Cinq corps retrouvés à Lomé dans un contexte de manifestations violemment réprimées : les autorités togolaises ouvrent une enquête judiciaire. Tandis que le pouvoir évoque des noyades, l’opposition et la société civile pointent du doigt des exactions possibles des forces de sécurité.
Au Togo, les manifestations de juin contre la réforme constitutionnelle de 2024, la hausse du prix de l’électricité et les arrestations d’opposants continuent de faire des vagues. Ce 6 juillet, le parquet a annoncé l’ouverture d’une enquête judiciaire après la découverte de cinq corps dans deux cours d’eau de Lomé. Les autorités évoquent des décès par noyade, tandis que la société civile et l’opposition soupçonnent une implication des forces de sécurité.

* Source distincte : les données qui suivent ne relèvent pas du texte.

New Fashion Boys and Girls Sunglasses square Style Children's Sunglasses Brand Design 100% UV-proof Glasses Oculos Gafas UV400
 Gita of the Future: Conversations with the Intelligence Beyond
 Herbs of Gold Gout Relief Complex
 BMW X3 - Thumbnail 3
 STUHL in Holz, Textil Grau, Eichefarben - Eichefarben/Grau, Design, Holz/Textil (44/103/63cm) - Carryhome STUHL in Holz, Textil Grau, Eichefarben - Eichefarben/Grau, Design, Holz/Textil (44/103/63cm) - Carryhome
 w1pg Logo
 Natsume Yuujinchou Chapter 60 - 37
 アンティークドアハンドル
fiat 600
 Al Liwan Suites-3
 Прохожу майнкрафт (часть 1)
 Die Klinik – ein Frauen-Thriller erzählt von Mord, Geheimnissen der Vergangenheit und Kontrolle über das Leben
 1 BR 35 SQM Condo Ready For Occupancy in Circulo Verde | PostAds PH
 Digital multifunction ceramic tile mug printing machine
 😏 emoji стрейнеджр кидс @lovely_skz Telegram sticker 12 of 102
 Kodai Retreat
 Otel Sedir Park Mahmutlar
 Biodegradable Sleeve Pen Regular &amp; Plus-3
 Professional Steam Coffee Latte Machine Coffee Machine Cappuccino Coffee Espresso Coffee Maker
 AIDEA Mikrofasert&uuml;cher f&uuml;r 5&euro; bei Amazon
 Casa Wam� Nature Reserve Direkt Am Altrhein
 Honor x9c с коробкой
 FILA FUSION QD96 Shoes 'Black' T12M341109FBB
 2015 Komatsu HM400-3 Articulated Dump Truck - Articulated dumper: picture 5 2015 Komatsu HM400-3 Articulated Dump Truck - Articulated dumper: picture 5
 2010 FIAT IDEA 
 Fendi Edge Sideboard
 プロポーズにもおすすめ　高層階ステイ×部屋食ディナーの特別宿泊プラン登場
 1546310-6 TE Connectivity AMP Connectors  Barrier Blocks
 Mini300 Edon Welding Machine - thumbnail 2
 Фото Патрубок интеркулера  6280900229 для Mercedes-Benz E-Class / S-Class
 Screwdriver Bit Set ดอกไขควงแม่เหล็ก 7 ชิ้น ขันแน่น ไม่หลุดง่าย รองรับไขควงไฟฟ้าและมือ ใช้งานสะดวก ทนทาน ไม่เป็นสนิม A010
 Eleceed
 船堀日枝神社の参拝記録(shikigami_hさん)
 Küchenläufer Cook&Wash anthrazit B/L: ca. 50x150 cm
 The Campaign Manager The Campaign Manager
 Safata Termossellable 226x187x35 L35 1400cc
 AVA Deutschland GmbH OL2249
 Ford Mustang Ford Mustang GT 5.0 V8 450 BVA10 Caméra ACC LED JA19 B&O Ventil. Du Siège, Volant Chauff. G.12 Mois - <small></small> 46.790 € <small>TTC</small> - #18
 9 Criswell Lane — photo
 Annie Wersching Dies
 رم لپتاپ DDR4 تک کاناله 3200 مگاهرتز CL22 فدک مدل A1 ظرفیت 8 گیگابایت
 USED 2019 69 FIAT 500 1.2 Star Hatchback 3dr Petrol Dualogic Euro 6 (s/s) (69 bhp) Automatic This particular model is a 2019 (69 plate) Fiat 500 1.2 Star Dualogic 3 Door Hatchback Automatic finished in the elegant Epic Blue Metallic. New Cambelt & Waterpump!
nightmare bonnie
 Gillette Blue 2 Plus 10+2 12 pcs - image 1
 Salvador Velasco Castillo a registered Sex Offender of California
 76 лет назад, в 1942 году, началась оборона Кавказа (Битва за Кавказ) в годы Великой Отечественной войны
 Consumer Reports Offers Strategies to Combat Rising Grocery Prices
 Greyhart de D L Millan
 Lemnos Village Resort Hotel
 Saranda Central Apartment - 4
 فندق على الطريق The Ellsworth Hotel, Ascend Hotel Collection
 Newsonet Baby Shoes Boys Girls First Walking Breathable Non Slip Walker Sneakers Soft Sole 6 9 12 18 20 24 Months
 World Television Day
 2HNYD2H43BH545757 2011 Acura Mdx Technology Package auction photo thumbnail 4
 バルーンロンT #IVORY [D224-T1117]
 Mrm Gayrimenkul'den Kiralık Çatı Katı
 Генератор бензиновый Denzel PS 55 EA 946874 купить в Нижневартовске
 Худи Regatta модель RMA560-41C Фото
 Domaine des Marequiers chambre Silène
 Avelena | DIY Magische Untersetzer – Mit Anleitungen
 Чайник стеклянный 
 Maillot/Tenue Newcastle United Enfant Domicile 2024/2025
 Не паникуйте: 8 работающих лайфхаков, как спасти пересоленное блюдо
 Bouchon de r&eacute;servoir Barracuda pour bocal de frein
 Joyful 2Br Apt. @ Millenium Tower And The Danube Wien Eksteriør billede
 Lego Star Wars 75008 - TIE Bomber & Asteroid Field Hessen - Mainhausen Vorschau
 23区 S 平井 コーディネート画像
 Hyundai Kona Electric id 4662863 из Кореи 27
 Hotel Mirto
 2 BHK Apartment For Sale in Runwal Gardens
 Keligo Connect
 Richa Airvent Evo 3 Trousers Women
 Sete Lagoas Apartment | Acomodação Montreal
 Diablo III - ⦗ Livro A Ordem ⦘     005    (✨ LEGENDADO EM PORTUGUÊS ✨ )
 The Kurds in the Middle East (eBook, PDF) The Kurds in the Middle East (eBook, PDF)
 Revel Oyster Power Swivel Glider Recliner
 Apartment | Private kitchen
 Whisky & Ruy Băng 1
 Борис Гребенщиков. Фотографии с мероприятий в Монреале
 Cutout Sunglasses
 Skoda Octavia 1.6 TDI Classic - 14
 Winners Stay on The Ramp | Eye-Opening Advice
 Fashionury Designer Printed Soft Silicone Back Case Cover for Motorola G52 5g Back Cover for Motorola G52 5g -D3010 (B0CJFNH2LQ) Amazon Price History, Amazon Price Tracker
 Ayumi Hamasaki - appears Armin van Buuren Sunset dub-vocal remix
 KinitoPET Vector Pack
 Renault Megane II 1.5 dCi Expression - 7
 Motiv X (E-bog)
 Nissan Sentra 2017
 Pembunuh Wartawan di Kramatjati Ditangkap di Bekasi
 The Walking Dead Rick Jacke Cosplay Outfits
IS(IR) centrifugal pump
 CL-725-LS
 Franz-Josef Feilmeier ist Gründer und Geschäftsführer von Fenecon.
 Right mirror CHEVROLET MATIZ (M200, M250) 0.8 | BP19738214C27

Des corps repêchés dans des conditions troublantes
Le procureur de la République, Talaka Mawama, a détaillé les faits à la télévision nationale. Le 27 juin, deux jeunes Béninois de 23 et 25 ans ont été retrouvés sans vie dans le quatrième lac d’Akodessêwa. Selon les constatations initiales, ils seraient morts par noyade 48 heures avant les premières manifestations. Le même jour, deux autres corps ont été repêchés dans la lagune de Bè : un élève de troisième, immédiatement inhumé par sa famille sans autopsie, et un adolescent de 15 ans dont une expertise médico-légale a confirmé la noyade. Le 28 juin, un cinquième corps, celui d’un Gabonais de 21 ans, a également été retrouvé dans la même lagune.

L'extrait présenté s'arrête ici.